Anyway, I have been toying w/ getting another one since then and ultimately decided I would et one once I got one of my stories published. Well, Infestation was published on Pseudopod.org on June 5th so now I was ready.
I have a symbol that I created for my “novel” that I hope to one day publish. So, all I need is an artist. Easy right?
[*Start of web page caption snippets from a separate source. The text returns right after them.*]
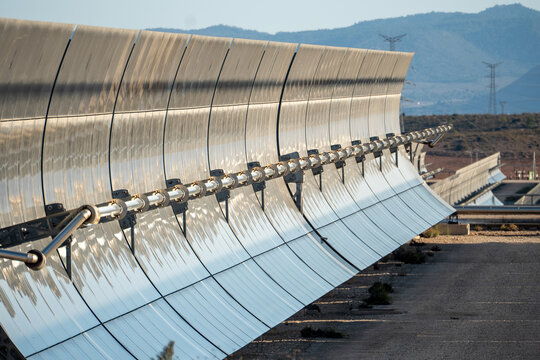 Solar thermal power station with rows of parabolic trough mirrors reflecting sunlight. Renewable energy facility showcases cutting-edge technology for sustainable electricity generation.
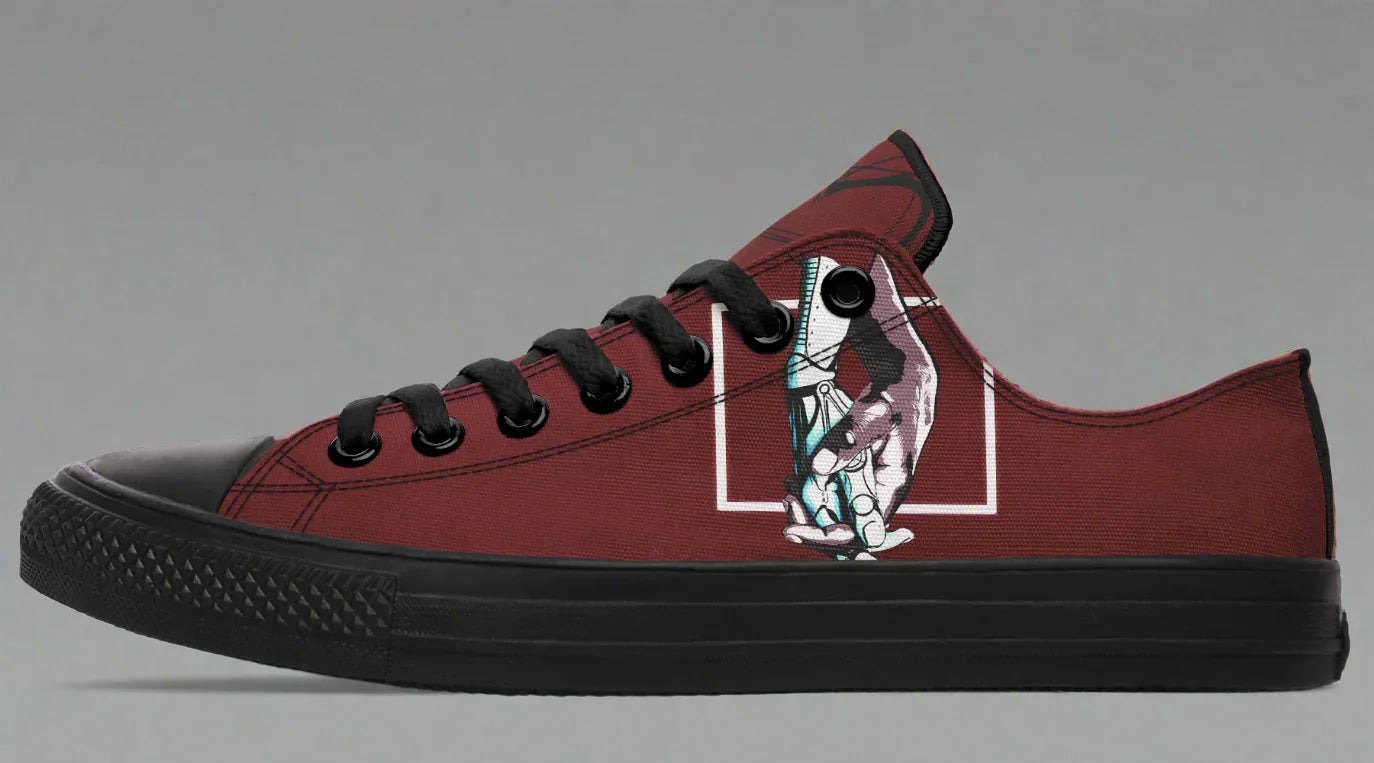 Red low-top sneakers featuring expressive line art of two reaching hands from the “July” single cover — July design by Tatiana Jitkoff and Sky Titan Media, inspired by a sci-fi love story and emotionally driven indie streetwear.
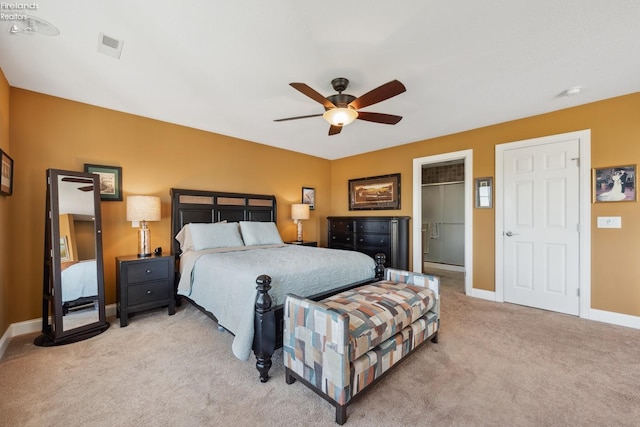 bedroom with a walk in closet, ceiling fan, light colored carpet, and a closet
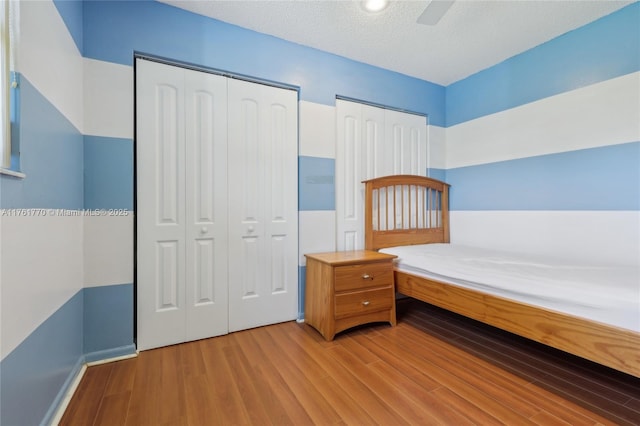 unfurnished bedroom featuring two closets, light wood-style floors, a ceiling fan, and a textured ceiling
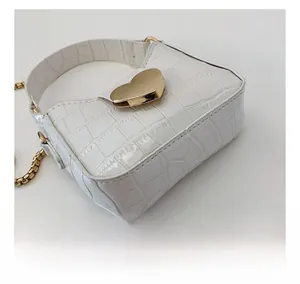 Detail of stone pattern texture and gold heart clasp on kids white crossbody bag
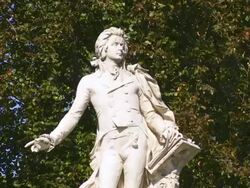MS Statue of Wolfgang Amadeus Mozart in the Burggarten (Castle Garden) in Vienna  Stock Footage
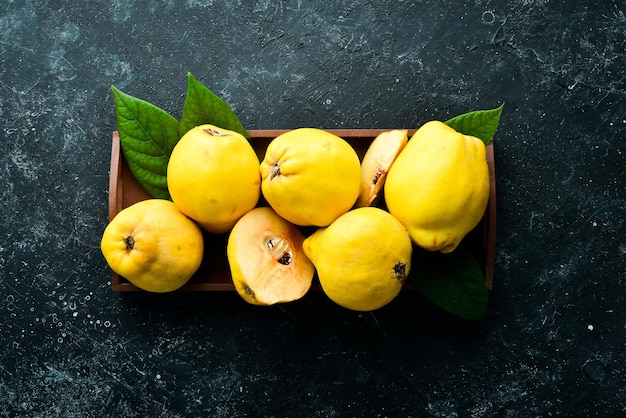 Fresh ripe yellow quince Fruits in a wooden box Top view Free space for text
The first guy was a whackjob. I coudn’t get him to send me his rendition of my design. He had every excuse in the book including the “I needed to go on a journey to Florida to pick up my wife and kid then drive all the way back unexpectedly” story. A friend of mine who knew his boss said something after my trying to get in touch with him for 2 months and the artist makes a startling revelation. Apparently he visited me in an alternate reality where he told me that water, from out of nowhere, decided to pour itself all over my design turning it to mush. Let call this reality the “Bull Shit” reality. In Bull Shit reality he has repeatedly asked me for another copy and I keep telling him that I will e-mail it to him but, sadly never do. Bull Shit reality me seems to be a it of an asshole. I decided to leave this artist to wallow without me in Bull Shit reality.
Next I hit it off with a woman who quickly whips me up a design. I love what I see but would like to see variation or two since it will be inked permanently on my flesh. My apt. is in 2 days and she has apparently dropped off the face of the earth for the last month. Now I will be forced to go into my apt. and request that she whip another design or two prior to taking needle to my skin.
Should it be this hard to pay someone for a service?